Revisiting and reworking compositions was a common practice for Tyranny throughout his career. “Tango for Two,” for example, was originally composed in 1984 as a solo piano piece for the International Tango Collection. On the version here, Tyranny is credited with piano along with an “electronic orchestra,” resulting in a barrage of synthesized instrumentation with technicolor flashes and unpredictable evolution. “The 36 Chords from the Driver’s Son,” another mesmerizing highlight, has seamless modulations and a quizzical structure—there’s power in the gentlest keystrokes and grace in the most rambunctious clanging. The music from “36 Chords” draws from “The Driver’s Son,” a sprawling journey whose 80-minute 1999 performance acts as the box set’s centerpiece. With four other performers providing vocals, synthesizer, and percussion, it is a full-fledged epic, well-deserving of Tyranny’s description of it as an “audio storyboard.”

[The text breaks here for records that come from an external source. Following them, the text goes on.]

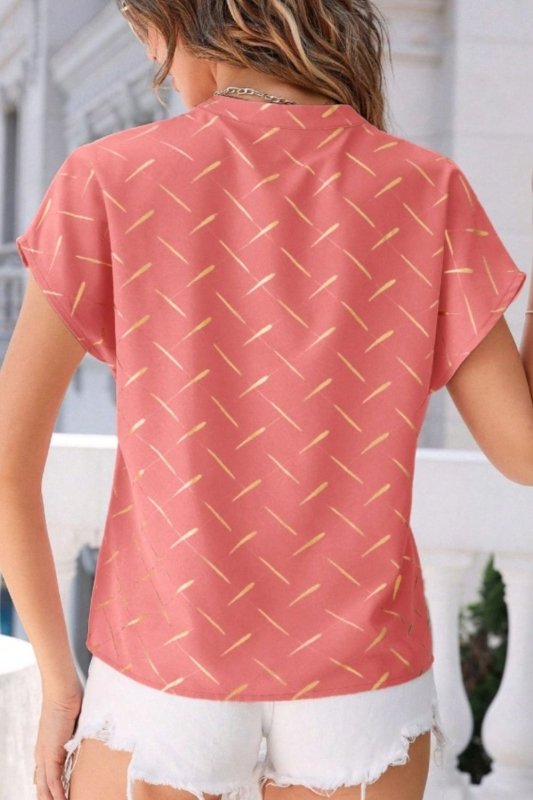 Printed Notched Short Sleeve Blouse - Cute Little Wish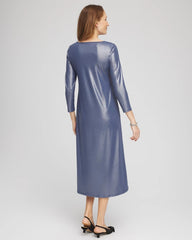 Indigo Sky Foiled Jersey Knit Maxi Dress
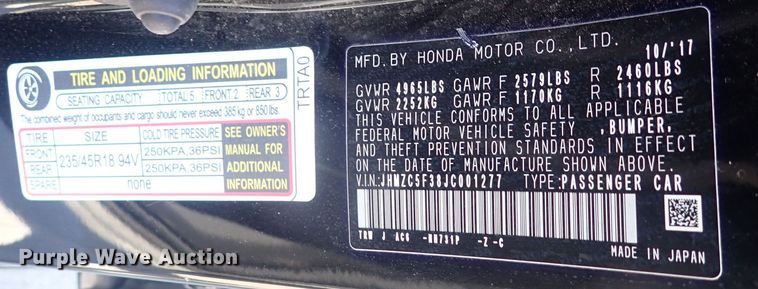 image for item DQ5000 2018 Honda Clarity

Tyranny loved avant-garde music for its potential to extend “beyond the particular circumstances of both your life and the whole history of music.” As he explained in Sonic Transports: New Frontiers in Our Music, “To try as much as possible to circumvent Puritanism in the United States and elsewhere is the task.” His political intent is most prominently showcased on “Harvey Milk (Portrait),” a track from 1979 that features a speech from the openly gay San Francisco politician, soundtracked by Tyranny’s sparse electronic blips. The second half is voiceless—a stark depiction of Milk’s assassination the previous year. This simple change creates an uneasy atmosphere: a meditation on lost hope.

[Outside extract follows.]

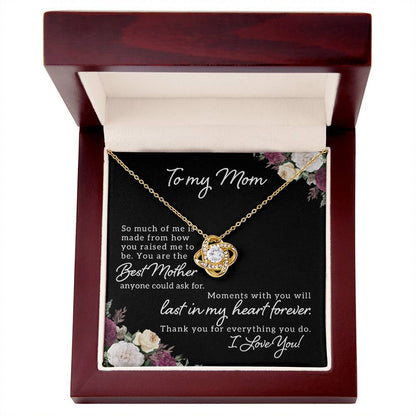 To My Mom – Elegant Necklace with Love and Gratitude Message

Music provided opportunities for Tyranny to open himself up to unfamiliar terrain, which was the primary goal of his collaborative work. One of the most striking examples appears in “On the Road to Blountstown (A True Story),” a song that was largely improvised when Tyranny and musician Leroy Jenkins had 10 minutes left during a 2001 set and no material left to play. In the introduction, Jenkins shares a story about being stopped by a sheriff and taken to jail. Next, Jenkins vocalizes atop his viola and Tyranny’s piano, both musicians in perfect dialogue. As Tyranny’s piano dances alongside the shrieking strings, he runs through multiple emotions to flesh out the story’s drama.
He could also find inspiration in more lighthearted fare. “How to Swing a Dog,” from 1984, is a boisterous improvisation that features playwright Roger Babb talking at lightning speed from the perspective of a dog; it’s one of the liveliest tracks on Degrees of Freedom Found, and it emanates classic early-’80s art-school humor. On 2019’s “The Forecaster Hopes,” the newest composition, a 1960s electronic analysis of natural, quotidian sounds becomes the source material for generating “quasi-random rhythms” for his string arrangement. The song is at once steady and erratic, defined by a hopeful aura: a musical embodiment of someone moving through life itself. As the final track on Degrees of Freedom Found, it serves as a capstone to this exhaustive overview of Tyranny’s career. It’s the sort of music that leaves you in awe: a reminder that music always did the same for him.